Juliette soupira et laissa sa main glisser sur le torse de Zayn pour le réconforter. Quelque part, il y aurait toujours cette sensation d'histoire non-finie entre eux, ce goût amer du « Et si .. ? » que Zayn n'arrivait pas à faire passer. Et ce qui lui faisait le plus de mal, c'était peut-être que Juliette avait réussi, elle. Elle avait trouvé en Niall la moitié d'une paire parfaite, elle avait trouvé quelque chose qui était trop fort pour être teinté par ce goût d'inachevé. Zayn n'avait pas ça avec Perrie.
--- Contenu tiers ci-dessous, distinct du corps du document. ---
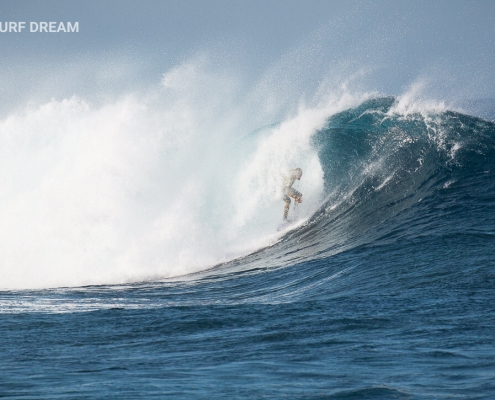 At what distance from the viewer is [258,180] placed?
20.7 metres

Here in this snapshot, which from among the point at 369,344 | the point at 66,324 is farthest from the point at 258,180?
the point at 369,344

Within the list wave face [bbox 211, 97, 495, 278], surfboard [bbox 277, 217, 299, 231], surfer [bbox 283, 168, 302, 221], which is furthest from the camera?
A: surfer [bbox 283, 168, 302, 221]

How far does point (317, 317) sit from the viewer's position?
7.89 meters

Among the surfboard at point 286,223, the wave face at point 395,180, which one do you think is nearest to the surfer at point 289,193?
the surfboard at point 286,223

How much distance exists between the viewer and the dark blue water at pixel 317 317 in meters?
5.37

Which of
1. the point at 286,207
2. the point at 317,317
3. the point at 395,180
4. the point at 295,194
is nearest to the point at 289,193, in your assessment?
the point at 295,194

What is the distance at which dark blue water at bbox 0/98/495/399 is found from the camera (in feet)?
17.6

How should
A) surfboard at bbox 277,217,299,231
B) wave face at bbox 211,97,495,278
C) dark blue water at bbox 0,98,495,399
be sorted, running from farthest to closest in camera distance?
surfboard at bbox 277,217,299,231
wave face at bbox 211,97,495,278
dark blue water at bbox 0,98,495,399

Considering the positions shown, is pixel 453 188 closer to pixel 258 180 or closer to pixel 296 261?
pixel 296 261

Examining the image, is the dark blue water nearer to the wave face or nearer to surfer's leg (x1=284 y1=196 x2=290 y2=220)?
the wave face

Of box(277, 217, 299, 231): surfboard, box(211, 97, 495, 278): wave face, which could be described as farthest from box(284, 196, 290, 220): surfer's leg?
box(211, 97, 495, 278): wave face

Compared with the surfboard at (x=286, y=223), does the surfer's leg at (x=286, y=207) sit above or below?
above

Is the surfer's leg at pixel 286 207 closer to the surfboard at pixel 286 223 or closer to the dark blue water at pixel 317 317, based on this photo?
the surfboard at pixel 286 223

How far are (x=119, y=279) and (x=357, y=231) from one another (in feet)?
18.3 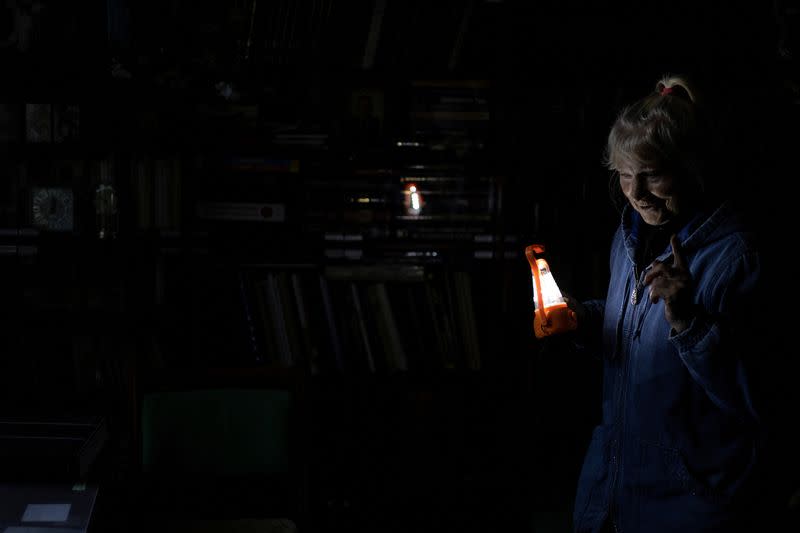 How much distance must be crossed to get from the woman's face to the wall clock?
69.6 inches

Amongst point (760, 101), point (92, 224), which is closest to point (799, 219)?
point (760, 101)

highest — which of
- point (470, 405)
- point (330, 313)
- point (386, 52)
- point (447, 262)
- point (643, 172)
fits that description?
point (386, 52)

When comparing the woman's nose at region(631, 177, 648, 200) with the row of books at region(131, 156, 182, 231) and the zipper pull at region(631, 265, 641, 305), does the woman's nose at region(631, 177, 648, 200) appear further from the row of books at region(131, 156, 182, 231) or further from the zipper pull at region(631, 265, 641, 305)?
the row of books at region(131, 156, 182, 231)

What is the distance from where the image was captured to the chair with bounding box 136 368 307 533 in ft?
6.31

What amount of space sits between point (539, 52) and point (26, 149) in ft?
5.58

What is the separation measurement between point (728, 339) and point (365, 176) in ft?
4.83

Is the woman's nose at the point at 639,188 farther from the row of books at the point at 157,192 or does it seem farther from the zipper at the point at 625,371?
the row of books at the point at 157,192

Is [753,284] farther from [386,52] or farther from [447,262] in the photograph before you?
[386,52]

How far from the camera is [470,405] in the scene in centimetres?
260

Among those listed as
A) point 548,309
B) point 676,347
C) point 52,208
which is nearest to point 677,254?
point 676,347

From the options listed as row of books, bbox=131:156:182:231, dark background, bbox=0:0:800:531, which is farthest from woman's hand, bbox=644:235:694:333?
row of books, bbox=131:156:182:231

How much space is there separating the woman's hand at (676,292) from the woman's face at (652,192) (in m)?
0.18

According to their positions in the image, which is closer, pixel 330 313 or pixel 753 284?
pixel 753 284

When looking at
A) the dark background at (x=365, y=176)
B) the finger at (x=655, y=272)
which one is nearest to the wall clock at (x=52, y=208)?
the dark background at (x=365, y=176) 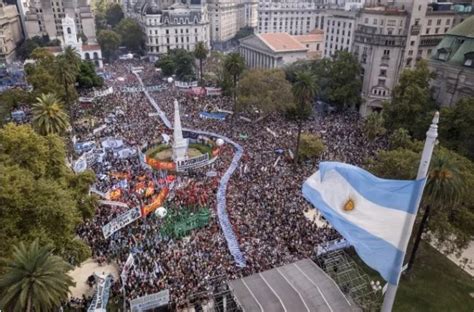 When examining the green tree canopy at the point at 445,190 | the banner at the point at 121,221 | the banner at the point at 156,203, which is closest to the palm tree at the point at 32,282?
the banner at the point at 121,221

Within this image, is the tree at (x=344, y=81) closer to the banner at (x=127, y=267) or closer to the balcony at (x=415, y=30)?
the balcony at (x=415, y=30)

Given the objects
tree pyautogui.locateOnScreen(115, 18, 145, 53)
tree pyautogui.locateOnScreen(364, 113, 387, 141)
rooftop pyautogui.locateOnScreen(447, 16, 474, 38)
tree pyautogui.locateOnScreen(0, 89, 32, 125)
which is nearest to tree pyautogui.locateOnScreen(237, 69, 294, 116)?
tree pyautogui.locateOnScreen(364, 113, 387, 141)

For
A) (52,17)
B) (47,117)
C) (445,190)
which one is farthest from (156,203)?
(52,17)

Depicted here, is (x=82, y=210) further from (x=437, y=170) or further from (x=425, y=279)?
(x=425, y=279)

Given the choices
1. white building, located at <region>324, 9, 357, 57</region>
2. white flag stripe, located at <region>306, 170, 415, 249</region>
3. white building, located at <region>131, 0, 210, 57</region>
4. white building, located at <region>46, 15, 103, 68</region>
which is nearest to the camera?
white flag stripe, located at <region>306, 170, 415, 249</region>

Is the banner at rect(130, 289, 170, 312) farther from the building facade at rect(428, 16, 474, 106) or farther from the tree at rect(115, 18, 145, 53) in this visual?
the tree at rect(115, 18, 145, 53)

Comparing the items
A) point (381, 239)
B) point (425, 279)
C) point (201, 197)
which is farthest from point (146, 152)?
point (381, 239)

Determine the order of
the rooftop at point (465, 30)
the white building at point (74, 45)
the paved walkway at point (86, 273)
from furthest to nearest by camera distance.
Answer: the white building at point (74, 45) < the rooftop at point (465, 30) < the paved walkway at point (86, 273)
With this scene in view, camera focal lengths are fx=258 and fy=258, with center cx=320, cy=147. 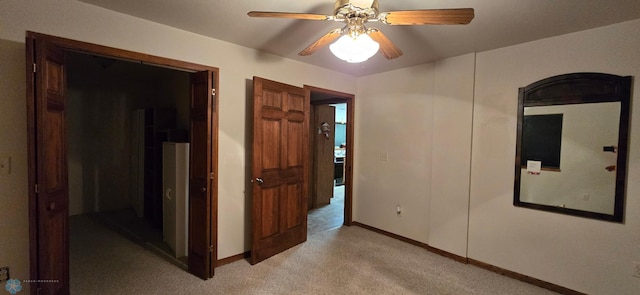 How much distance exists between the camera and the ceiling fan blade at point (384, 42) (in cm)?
167

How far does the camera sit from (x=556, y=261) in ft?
7.75

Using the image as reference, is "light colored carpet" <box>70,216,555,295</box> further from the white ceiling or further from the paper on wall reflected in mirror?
the white ceiling

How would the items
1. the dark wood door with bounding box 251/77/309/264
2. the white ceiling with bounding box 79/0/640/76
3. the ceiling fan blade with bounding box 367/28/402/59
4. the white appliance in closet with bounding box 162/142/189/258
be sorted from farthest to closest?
the white appliance in closet with bounding box 162/142/189/258, the dark wood door with bounding box 251/77/309/264, the white ceiling with bounding box 79/0/640/76, the ceiling fan blade with bounding box 367/28/402/59

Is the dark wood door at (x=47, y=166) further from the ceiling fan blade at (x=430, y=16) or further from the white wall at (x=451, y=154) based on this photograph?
the white wall at (x=451, y=154)

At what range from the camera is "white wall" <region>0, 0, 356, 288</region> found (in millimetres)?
1713

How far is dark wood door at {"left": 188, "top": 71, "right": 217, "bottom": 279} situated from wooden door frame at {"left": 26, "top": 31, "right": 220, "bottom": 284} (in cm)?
3

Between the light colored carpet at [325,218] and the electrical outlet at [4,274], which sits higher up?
the electrical outlet at [4,274]

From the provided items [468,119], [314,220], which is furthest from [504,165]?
[314,220]

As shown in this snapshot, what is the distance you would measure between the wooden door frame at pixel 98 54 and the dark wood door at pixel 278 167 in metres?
0.38

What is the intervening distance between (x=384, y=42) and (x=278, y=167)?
1.78 meters

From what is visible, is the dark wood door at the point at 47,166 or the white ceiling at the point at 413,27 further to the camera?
the white ceiling at the point at 413,27

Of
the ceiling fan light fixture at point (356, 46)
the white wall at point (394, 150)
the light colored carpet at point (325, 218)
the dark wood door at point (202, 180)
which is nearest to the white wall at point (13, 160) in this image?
the dark wood door at point (202, 180)

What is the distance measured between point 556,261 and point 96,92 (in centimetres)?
664

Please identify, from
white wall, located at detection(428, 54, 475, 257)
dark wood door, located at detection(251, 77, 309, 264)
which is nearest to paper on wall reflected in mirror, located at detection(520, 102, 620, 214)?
white wall, located at detection(428, 54, 475, 257) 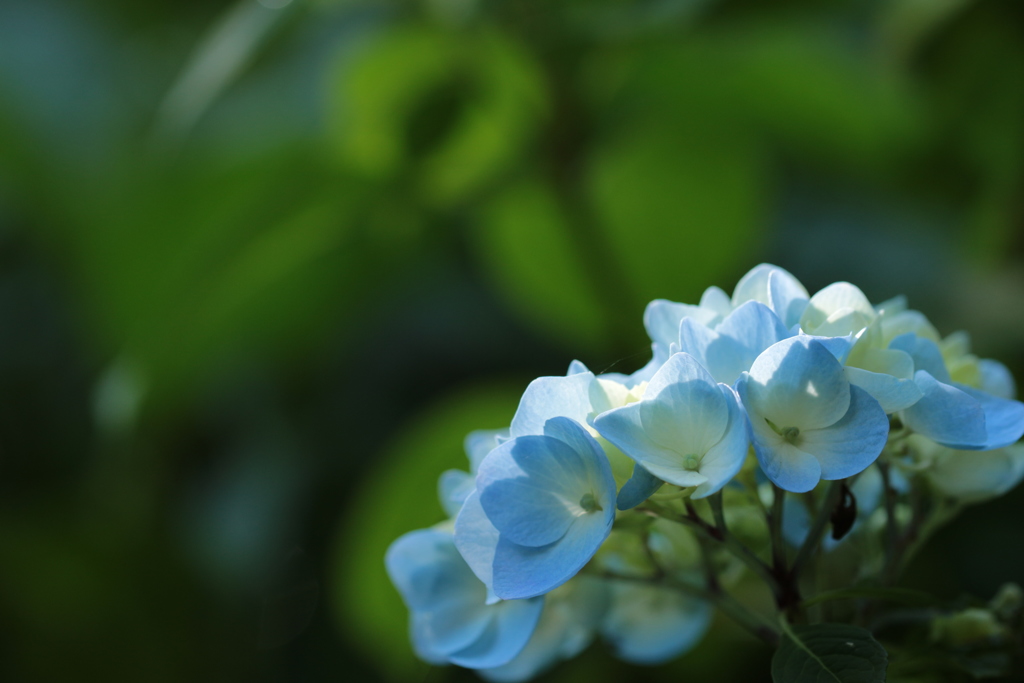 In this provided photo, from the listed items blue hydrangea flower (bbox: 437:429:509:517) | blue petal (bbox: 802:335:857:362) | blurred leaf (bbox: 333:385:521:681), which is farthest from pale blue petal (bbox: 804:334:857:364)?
blurred leaf (bbox: 333:385:521:681)

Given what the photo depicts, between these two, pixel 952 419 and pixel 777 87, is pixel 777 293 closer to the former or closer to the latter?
pixel 952 419

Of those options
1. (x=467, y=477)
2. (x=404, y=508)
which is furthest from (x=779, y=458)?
(x=404, y=508)

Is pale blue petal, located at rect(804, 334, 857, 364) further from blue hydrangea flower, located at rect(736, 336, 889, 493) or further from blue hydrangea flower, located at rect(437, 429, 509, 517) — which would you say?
blue hydrangea flower, located at rect(437, 429, 509, 517)

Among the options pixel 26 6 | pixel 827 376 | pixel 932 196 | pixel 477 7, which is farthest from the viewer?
pixel 26 6

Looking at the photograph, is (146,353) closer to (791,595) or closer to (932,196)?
(791,595)

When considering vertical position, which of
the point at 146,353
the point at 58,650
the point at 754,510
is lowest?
the point at 58,650

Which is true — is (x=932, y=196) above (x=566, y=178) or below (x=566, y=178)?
below

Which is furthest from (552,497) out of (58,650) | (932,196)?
(58,650) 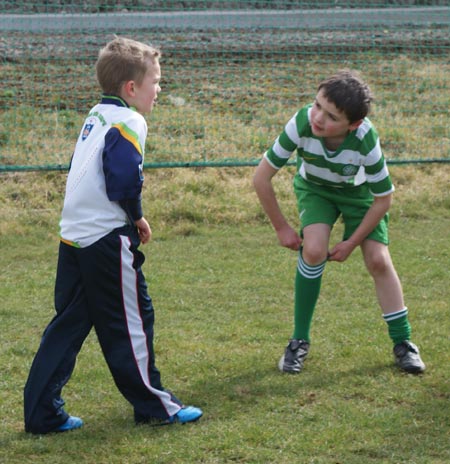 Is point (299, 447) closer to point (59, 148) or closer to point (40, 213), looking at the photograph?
point (40, 213)

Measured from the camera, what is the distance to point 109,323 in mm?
3611

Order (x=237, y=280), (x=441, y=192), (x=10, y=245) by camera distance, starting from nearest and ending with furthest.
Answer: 1. (x=237, y=280)
2. (x=10, y=245)
3. (x=441, y=192)

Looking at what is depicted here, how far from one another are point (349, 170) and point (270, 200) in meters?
0.37

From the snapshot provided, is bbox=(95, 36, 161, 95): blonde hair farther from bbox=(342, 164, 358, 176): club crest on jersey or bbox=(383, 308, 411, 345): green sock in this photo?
bbox=(383, 308, 411, 345): green sock

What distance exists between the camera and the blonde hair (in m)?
3.56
Il ne l'avait pas avec sa fiancée.

Réduisant un nouveau sanglot nerveux à un silence relatif, il déposa sa joue sur la cuisse nue de la brunette, la laissant jouer avec ses cheveux pour le réconforter. Il ferma les yeux, tentant de faire passer son malaise. Du coin de l'œil, Juliette jeta un regard sur le carnet de Zayn, s'attendant à y trouver une vue de la ville de Saitama.

Elle n'y trouva qu'un panorama de Bradford, vu de sa chambre.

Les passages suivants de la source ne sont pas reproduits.